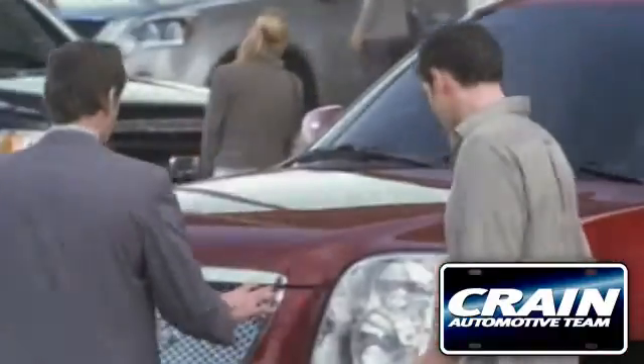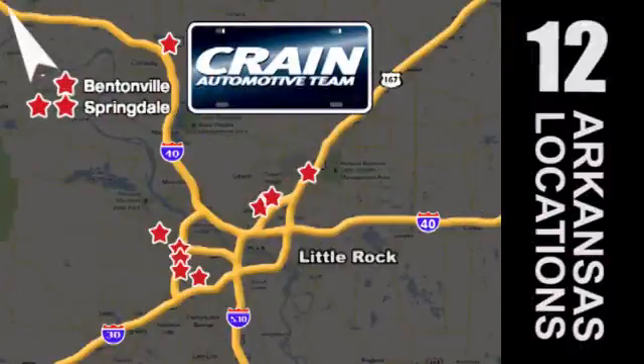Visit us anytime at craneteam.com. Go, go, go — Craneteam's got them. Craneteam.com.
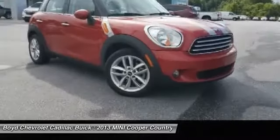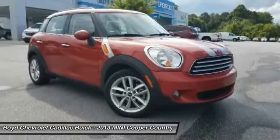This isn't just a vehicle. It's an experience. So stop in for a test drive today.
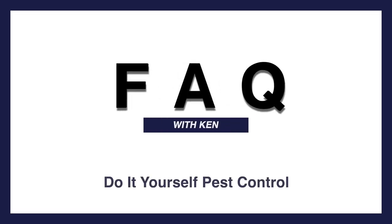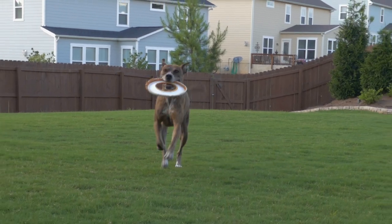A lot of people ask me, Ken, how do I keep ticks off of my dog? Well, to keep ticks off of your dog, it's going to be important to keep ticks out of your dog's environment.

● TASK: Everything from the line containing "This isn't just" to the final line of the listing above, both ends included, should be transcribed word for word, except for the pictures.

● OUTPUT BELOW:
This isn't just a vehicle. It's an experience. So stop in for a test drive today.
A lot of people ask me, Ken, how do I keep ticks off of my dog? Well, to keep ticks off of your dog, it's going to be important to keep ticks out of your dog's environment.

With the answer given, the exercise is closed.